What the Heck is SMMP?

What the Heck is SMMP?

One of the hottest and most talked about trends in the industry today is SMMP. Event planners are looking for it from providers and providers are finding ways to offer it to their clients. However, what exactly is SMMP? Do you know how to use it? What it can do to increase your event’s efficiency? How it has evolved in 2015?

 

Not to worry we are here to tell you all about SMMP and how the metric driven program will change the way that you evaluate your events. SMMP stands for Strategic Meetings Management Program; In other words, ROI (return on investment). To many event professionals that have been in the industry for years, the idea of adding processes and metrics to the business is not an easy thing. You see great events come together because of blood, sweat, tears, stress and passion; not because of metrics. As event planners we are creative driven not numbers driven. Without the numbers though, we would not be successful from event to event.

 

It's time for planners to recognize that SMMP forces you to measure ROI (cost, revenue, profitability, productivity) Boring, but it is essential in today’s economy. It forces us to implement processes and when 80% is under control, it is much easier to deal with the unexpected (as opposed to the 20% planned). It forces us to dive deep into all the aspects that make an event a reality.

 

Think of it this way, do you use a flip-phone or a mac classic? We hope not, we hope you have moved into the digital age! That being said, maybe it is time you try 2015 SMMP, aka meeting ROI.

 

What is SMMP’s original goal?

Basically, it is about breaking down all the measurable event aspects to outperform them. It mostly applies to groups, often corporate, that have to manage A) a large budget and B) a large number of events. Event management involves a supply chain, logistics, marketing investment, travel and housing management, sales effectiveness and more. From a meeting planner’s angle it is a lot of layers to deal with. From a large corporate perspective, the investment will get sprayed into multiple responsibilities, teams, and governances - making the exercise incredibly challenging when it gets to controlling the performance better (understanding profitability, cost versus revenue, and the cost of the teams productivity).

 

SMMP will tell you nothing about the content, the speaker, the colors, taste of the food, or the ugliness/beauty of the venue – barely anything about the attendee experience.

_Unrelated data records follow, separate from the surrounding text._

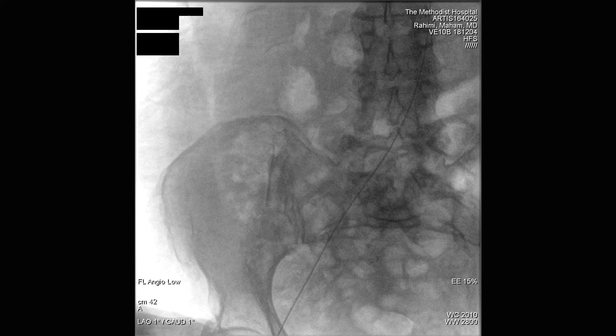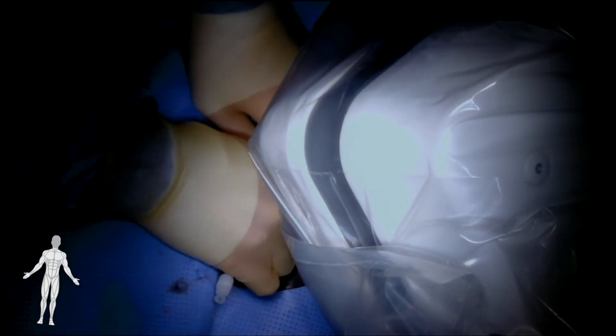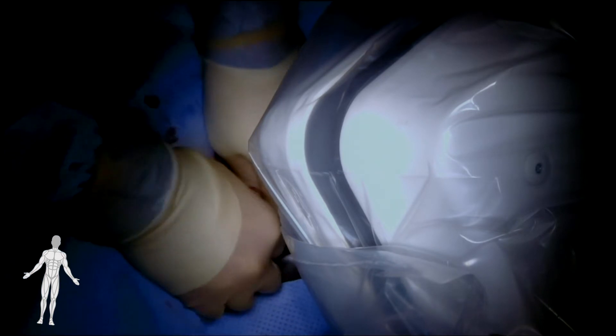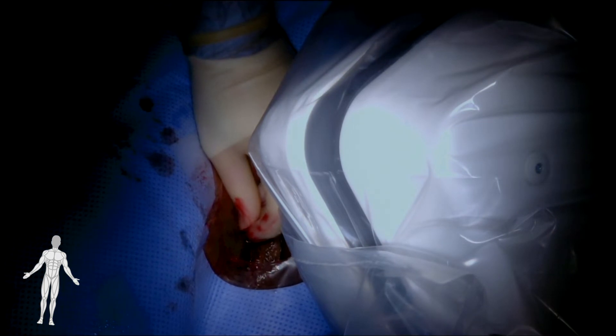After the wire is successfully advanced into the vessel, the fluoroscopy unit — in this case a Siemens Artis Vino — is brought into the field to confirm wire placement into the abdominal aorta. At this point, the 5 French dilator and sheath from the microintroducer kit are advanced over the .018 wire. Once the 5 French sheath is in place, the .018 wire and the dilator are removed in exchange for a .035 Benson wire for access into the contralateral lower extremity.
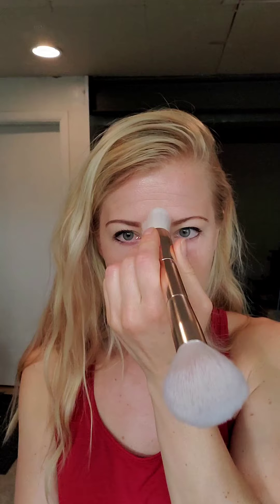Then right on the outer corners here. I'm going to use a little bit of that highlight color — just kind of squeezing this brush — putting the brightening shade right down my nose, a little bit on the chin, and a little bit right here on each side. Then I'm going to flip it over and take the big end and just make swirling circular motions to blend that in a little bit.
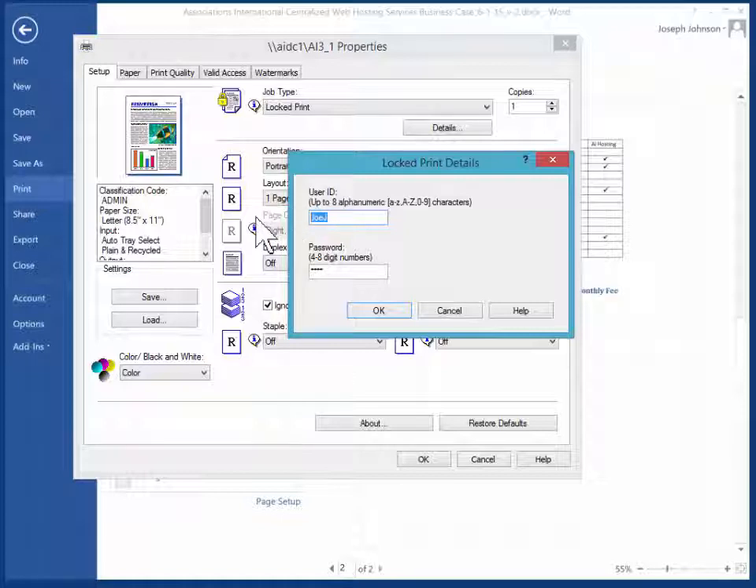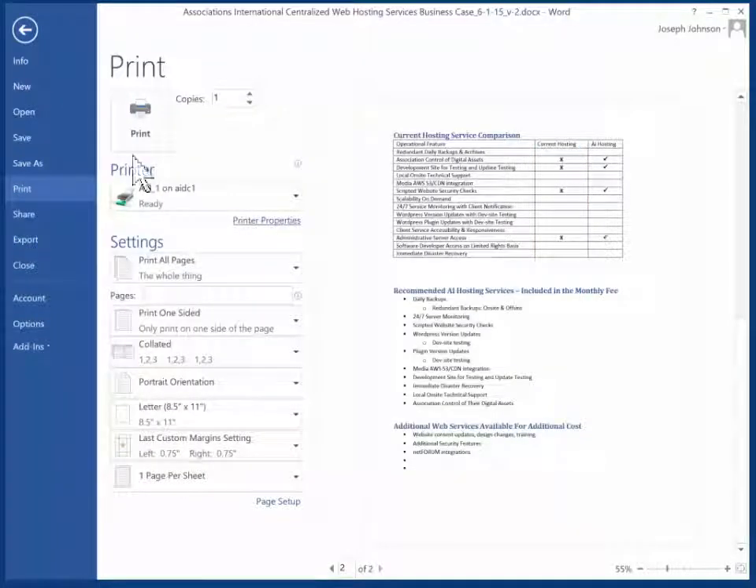Here, you can put in your user ID — it doesn't matter what it is; in this case I'm putting Joe J. And in here, put a password that you will use at the printer. Put in your user ID, put in your password, and select OK.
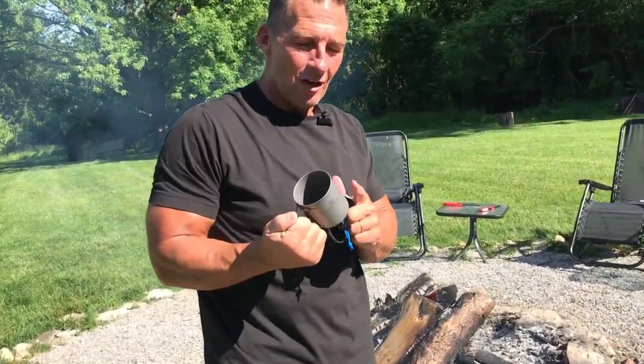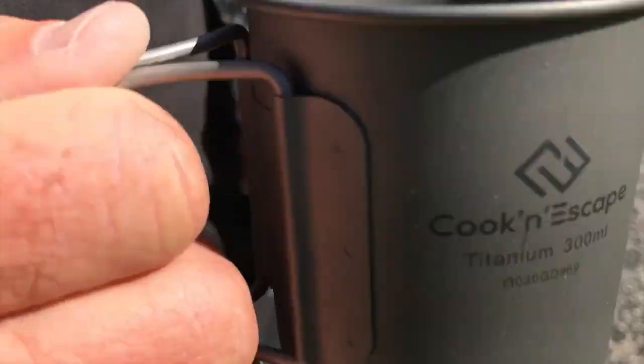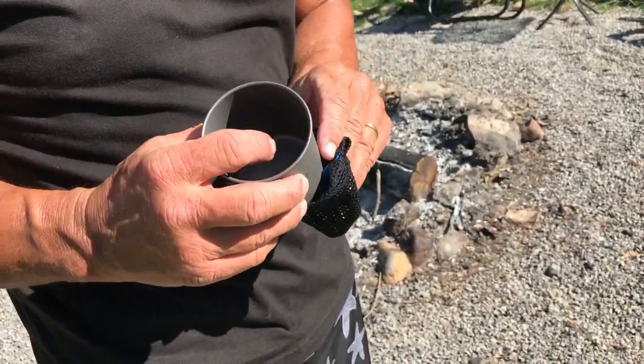Hey, I wanted to give you a quick review on this awesome Cook-N-Scape titanium 300 milliliter coffee mug. What's nice about this is it comes in a nice little mesh carrying case, so I can just pop that in there like so.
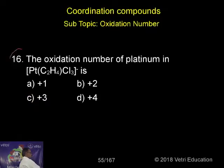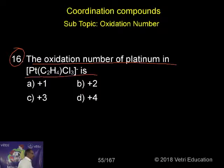Next question, 16. The oxidation number of platinum in this complex: platinum C2H4 Cl3 minus.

It will tell you the average cost per attendee; help you to control hundreds of events from a budget perspective, control the workflow, manage better rooming allotments and travel fares.

 

Economically speaking, it is great. First, it is room for improvement on many cases - let's be honest, saving a couple of zeroes on the bottom line doesn’t hurt. Second, it plays a role in better serving your community with more control on your vendors and how your process is executed. But what SMMP forgets is the very user experience, the final return of investment, which your brand benefits from. Even more, most CMOs have a hard time fully understanding how to fully measure and optimize the event channel.

 

The classic SMMP field:

  • Meeting Design: logistics, cost, workflows, objectives
  • Budgeting: forecasting, real negotiated savings, cost per vendor - per meeting - per attendee
  • Strategic Sourcing: hotel, venues, airfare, transportation
  • Procurement Process:  standardized contracts and service agreements management
  • Corporate Meetings Calendar: communication, tracking locations and participants/groups within the company
  • Business process: rules for approvals, workflows
  • Meetings and Attendee Management: attendee registration, travel and housing expenses, PNRs (passenger name records)
  • Reconciliation of Expenses: assign specific event costs to specific budget codes
  • Measure and Evaluate

In 2015, being procurement driven is necessary for large groups on one condition: SMMP needs to be transitioned into P&L management, where events become an enterprise within the company that delivers a product. There is no shame to productize events. Isn’t Apple providing great brand emotions? Doesn’t Nike deliver great experiences with products?

 

Again, the point is that productizing is okay as long the quality is there. SMMP is not the evil side; it just has to be balanced with what makes an event a success: the content, the interaction, the emotion, the experience. This has a cost, generally leading to success and then to ROI.